In this example, the for loop runs 22 times, once for each item in the list, and stores the item in the variable letter. The first time it loops, the value of letter is aleph. The second time, the value is bet, and so on.

NOTE Indentation tells Python which lines of code are part of your code blocks. If some lines are indented with four spaces, but others with two or three spaces, your Python code won’t work. To keep things simple, I recommend always indenting with four spaces. When writing scripts in VS Code, you can indent multiple lines of code by selecting them with your mouse and then pressing TAB (which indents four spaces for you) or unindent by selecting a line and pressing SHIFT-TAB.

The following, slightly more complicated, example uses the len() function to count not the number of items in a list but characters in a string:

>>> for letter in hebrew_letters:
...     count = len(letter)
...     print(f"The letter {letter} has {count} characters")
...
The letter aleph has 4 characters
The letter bet has 3 characters
The letter gimel has 5 characters
--snip--
The letter resh has 4 characters
The letter shin has 4 characters
The letter tav has 3 characters

This code tells you how many characters are used to spell the word for each Hebrew letter in the Latin alphabet.

You can use for loops to loop through strings as well, since a string is essentially a list of characters:

>>> word = "hola"
>>> for character in word:
...     print(character)
...
h
o
l
a

You can run a single for loop as many times as you need for the dataset you’re working on. For example, in Chapter 9, you’ll write code that can open each of the hundreds of spreadsheets in the BlueLeaks dataset and uses a for loop to run your block of code on each row.

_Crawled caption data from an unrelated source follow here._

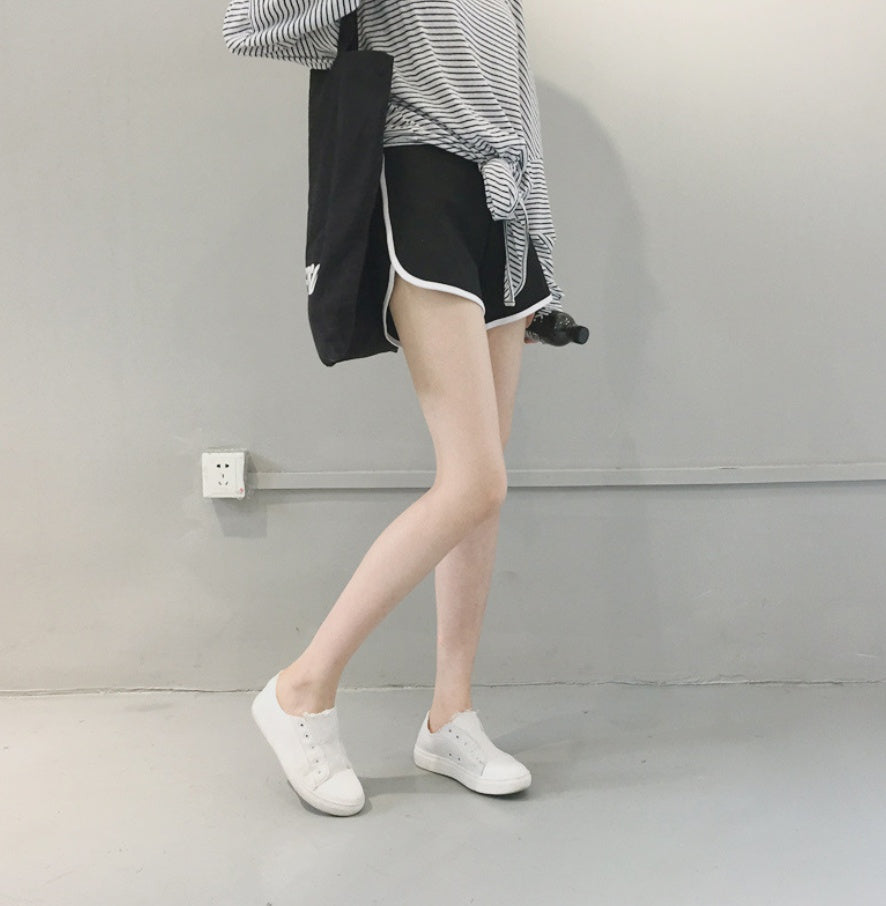 Four color optional cotton shorts female summer Korean version of the new ins wide leg loose solid color sports wear pants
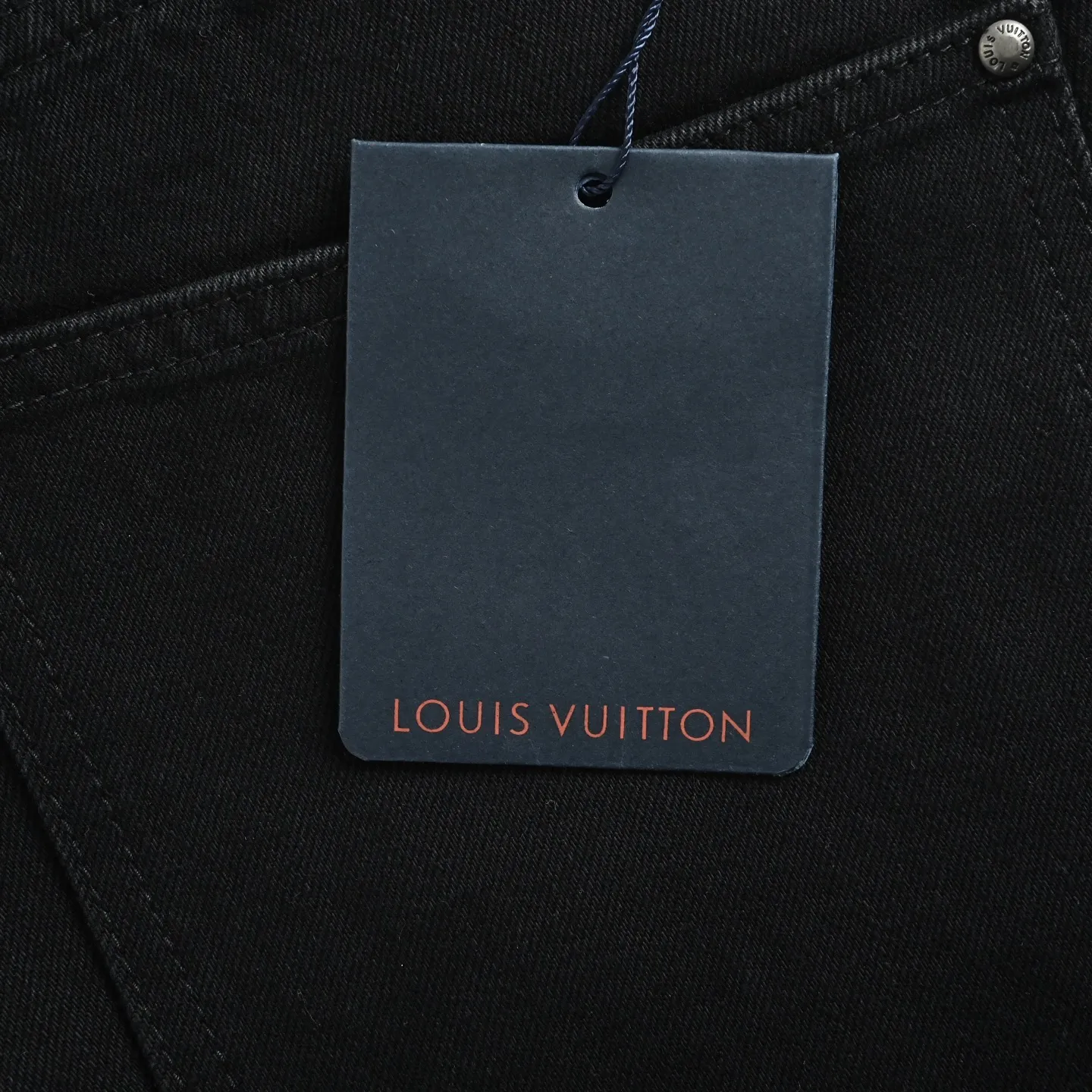 Louis Vuitton/Louis Vuitton 26ss embroidered ripped logo jeans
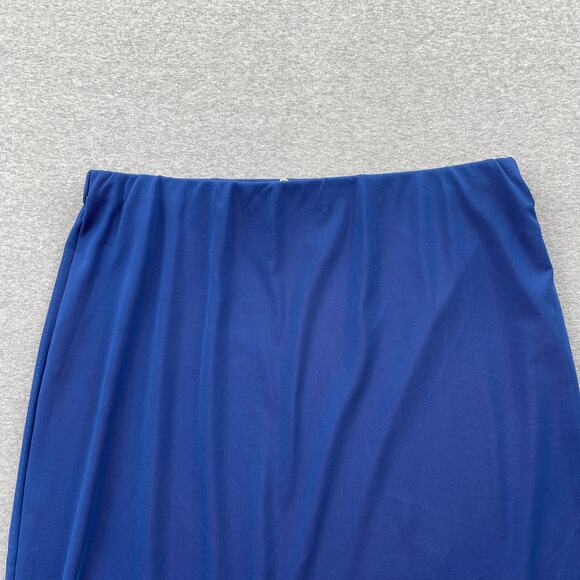 AFRM Skirt XL Blue Mesh Midi Pull On Stretch Lined Lightweight Rave Clubwear - Picture 7 of 10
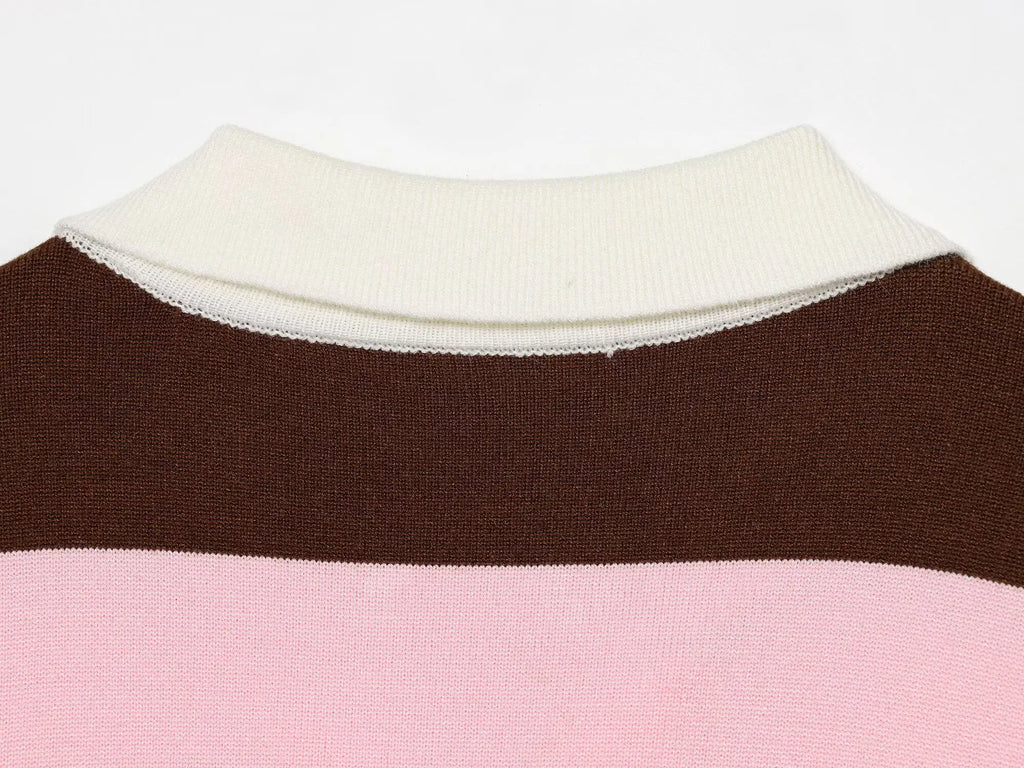 Women's Striped Polo Sweater Casual Long Sleeve Loose Pullover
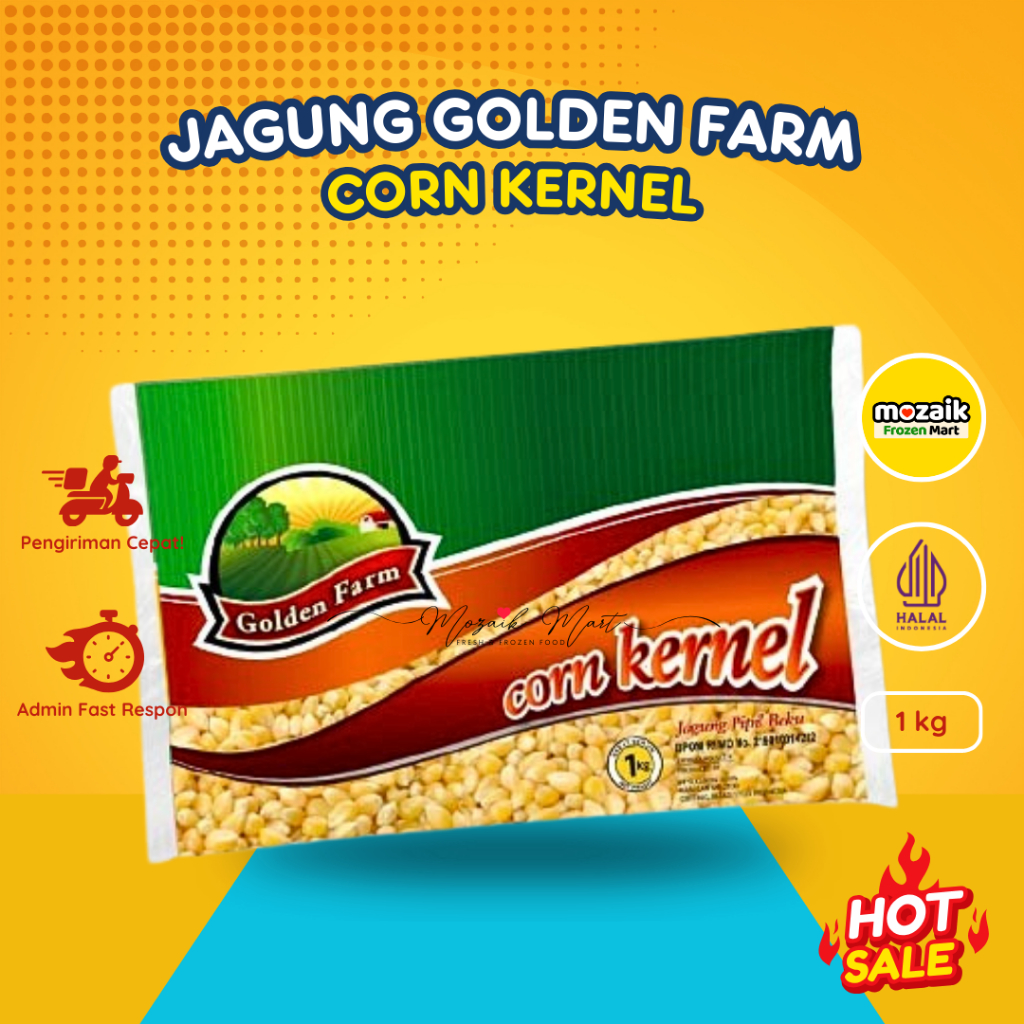 

Golden Farm Jagung Pipil -Jagung Frozen/Corn Kernel/Mozaik Frozen Mart/Frozen Food Palembang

In the next section, you’ll learn to make your programs more dynamic and useful by determining which blocks of code should run under which circumstances.

Control Flow

Python scripts start at the top and run one line of code at a time, but they don’t always run these lines consecutively. In for loops, for example, the same block of code might run over and over again before the loop completes and the program continues to the next line. The order in which your lines of code run is your program’s control flow.

As you start writing code, you’ll often alter the control flow by telling your computer to do different things in different situations. If you write a program that loops through a list of files in a dataset, for instance, you may want to run different code when the program reaches a PDF document than when it encounters an MP4 video.

This section teaches you how to run certain blocks of code under certain conditions. To do this, you’ll learn how to compare values, use if statements based on these comparisons, and express arbitrarily complicated conditions using Boolean logic, all of which allow you to control the flow of your program. You’ll need this sort of logic whenever you write code that searches a dataset for something specific and then responds according to what it finds.

Comparison Operators

As mentioned earlier in this chapter, expressions that use the arithmetic operators +, -, /, and * generally evaluate to numbers: 1 + 1 evaluates to 2, for example. Expressions in Python also use the following comparison operators to compare terms:

< Less than

<= Less than or equal to

> Greater than

>= Greater than or equal to

== Equal to (not to be confused with a single equal sign (=), which defines a variable)

!= Not equal to

A Boolean is a type of variable that is either True or False. Expressions that use comparison operators evaluate to Booleans instead of numbers, as in the following examples:

>>> 100 > 5
True
>>> 100 < 5
False
>>> 100 > 100
False
>>> 100 >= 100
True
>>> 0.5 < 1
True
>>> 0.999999 == 1
False

You can use these same operators to compare strings, too. In Python, saying that one string is less than another means that the former comes before the latter in alphabetical order, as in the following examples:

>>> "Alice" == "Bob"
False
>>> "Alice" != "Bob"
True
>>> "Alice" < "Bob"
True
>>> "Alice" > "Bob"
False

Strings are case sensitive. If you don’t care about capitalization and want to just see whether the strings are made up of the same words, make them both lowercase before you compare them:

>>> name1 = "Vladimir Putin"
>>> name2 = "vladimir putin"
>>> name1 == name2
False
>>> name1.lower() == name2.lower()
True

This technique allows you to determine whether the data you’re evaluating fulfills a given condition. For example, in Chapter 11, you’ll write code to analyze the metadata of over a million videos uploaded to the far-right social network Parler. Using comparison operators, you’ll determine which videos were filmed on January 6, 2021, in Washington, DC, during the insurrection after Trump lost the 2020 election.

if Statements

You use if statements to tell your code to do something under certain conditions but not others. The syntax for an if statement is if expression``: followed by an indented block of code. If the expression evaluates to True, then the code block runs. If the expression evaluates to False, the code doesn’t run, and the flow moves on to the next line.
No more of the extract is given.